+++ Recorded data

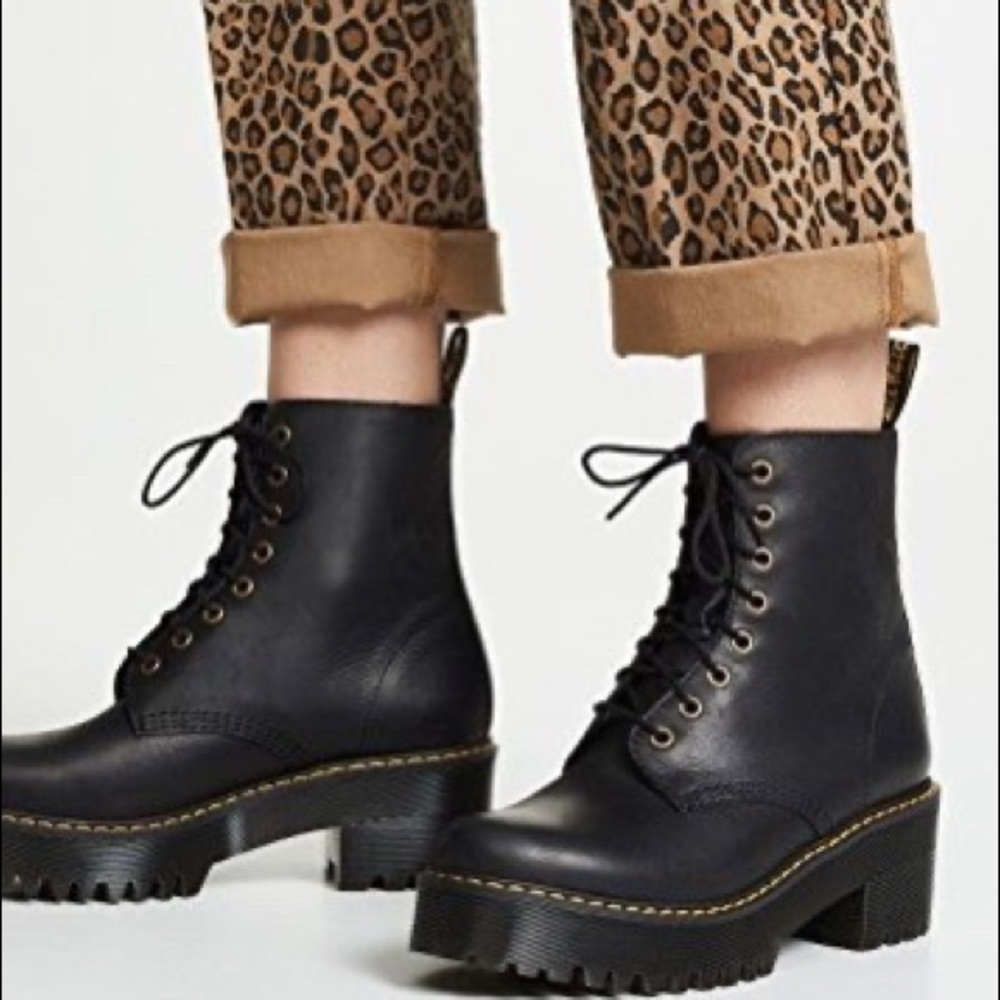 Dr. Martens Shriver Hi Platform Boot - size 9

++++++
+++ Recorded data

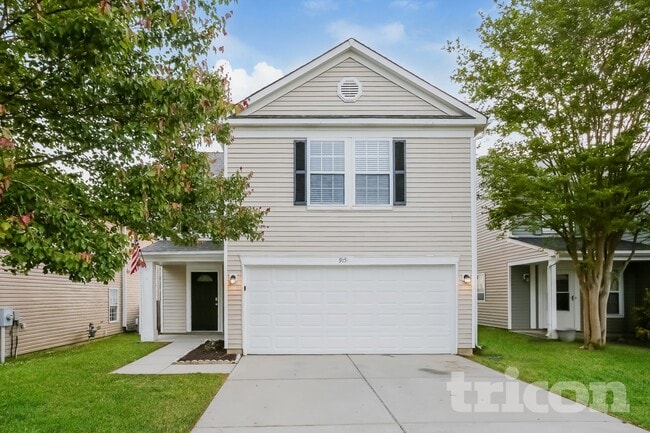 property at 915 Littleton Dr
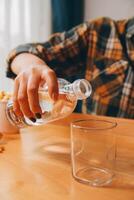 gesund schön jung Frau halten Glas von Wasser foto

++++++
+++ Recorded data

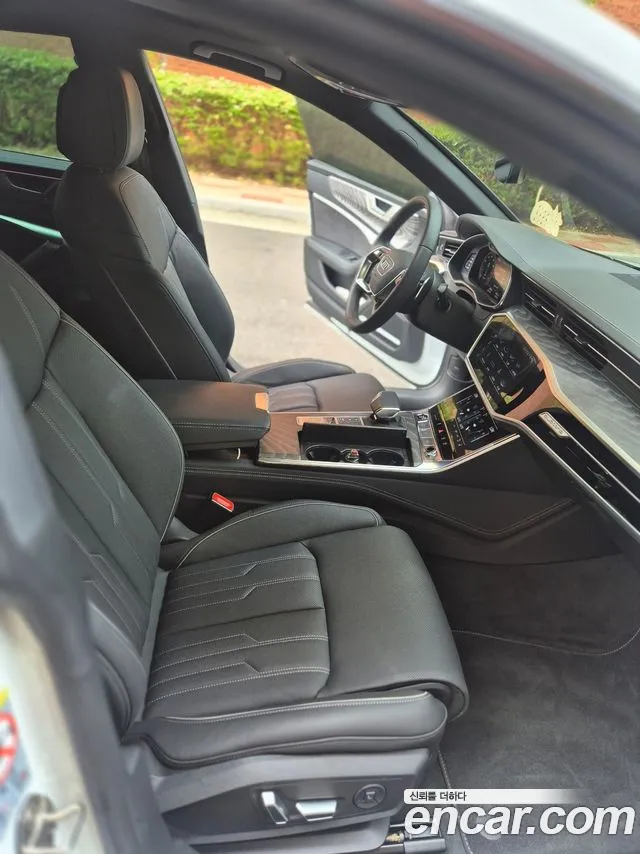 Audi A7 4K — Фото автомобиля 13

++++++

## Exercise objective
From the records above, output only the lines starting at the one containing "property at 915 Littleton Dr" and ending at the one containing "gesund schön jung", word for word. Pictures stay out.

## Solution below
 property at 915 Littleton Dr
 gesund schön jung Frau halten Glas von Wasser foto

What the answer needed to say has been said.